Oszust bankowy najczęściej dzwoni do swojej ofiary. Przekazuje fałszywą informację o ataku wirusa na konto, z którego znikną w najbliższym czasie wszystkie oszczędności. Prosi o pobranie aplikacji – najczęściej jest to złośliwy program do zarządzania zdalnym pulpitem. Pozwala oszustowi przejąć kontrolę nad komputerem czy telefonem. Przestępca próbuje wzbudzić u ofiary negatywne emocje i skłonić do nieprzemyślanego działania pod presją czasu. Przekonując, że chce pomóc oraz zapobiec w utracie pieniędzy wydaje kolejne polecenia: zalogowania się do konta, oraz akceptowania kodów – danych do autoryzacji transakcji bankowych.
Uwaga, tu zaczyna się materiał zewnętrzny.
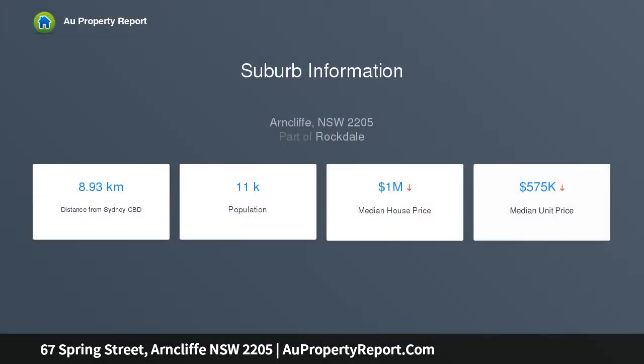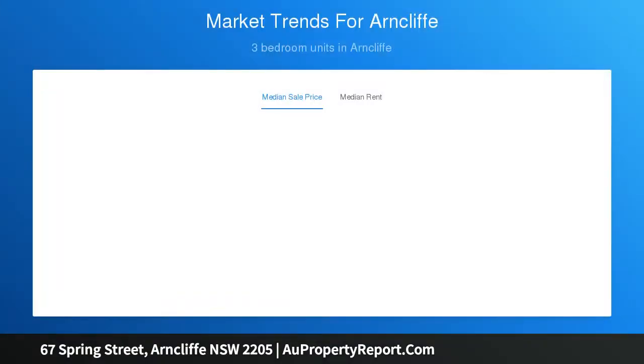This functional home provides an affordable entry point into the market. Its family-friendly address is located within walking distance of Banksia Station and Shops, set on a 461 SQM parcel of land with 25 meters wide frontage.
W taki właśnie sposób „na pracownika banku” kilka dni temu została oszukana 41-letnia mieszkanka powiatu jarosławskiego. W wyniku działań oszusta bankowego straciła blisko 400 tys. zł. Kobieta uwierzyła swojemu rozmówcy, że jej konto zostało zaatakowane przez wirusa i autoryzowała transakcje. Jak się później okazało, pieniądze z jej konta zostały przekazane tzw. szybkimi przelewami na 16 różnych kont, założonych w różnych bankach.
Jak zapobiec oszustwu na pracownika banku?
Wystarczy, że poprosisz swojego rozmówcę o podanie imienia i nazwiska, a następnie się rozłączysz. Kolejnym krokiem powinna być weryfikacja zdobytych informacji na oficjalnej infolinii banku. Przedstaw konsultantowi sytuację i zapytaj, czy faktycznie Twoje pieniądze w banku są zagrożone.
O czym pamiętać, aby oszust bankowy nie ukradł Ci pieniędzy?
- nie podawaj przez telefon danych do logowania do bankowości internetowej
- nie instaluj żadnych aplikacji na żądnie pracownika banku
- nie udostępniaj nieznanej osobie kodu BLIK, numeru PIN ani żadnych wrażliwych danych
- nie wpłacaj pieniędzy na „awaryjny” rachunek techniczny
- nie klikaj w linki do stron, które otrzymasz od niezaufanego nadawcy
- rozłącz się
- zainstaluj oprogramowanie antywirusowe
- zgłaszaj każdą próbę oszustwa.
Pamiętajmy, że ostrożność oraz uwaga, to najlepsza broń przed oszustami.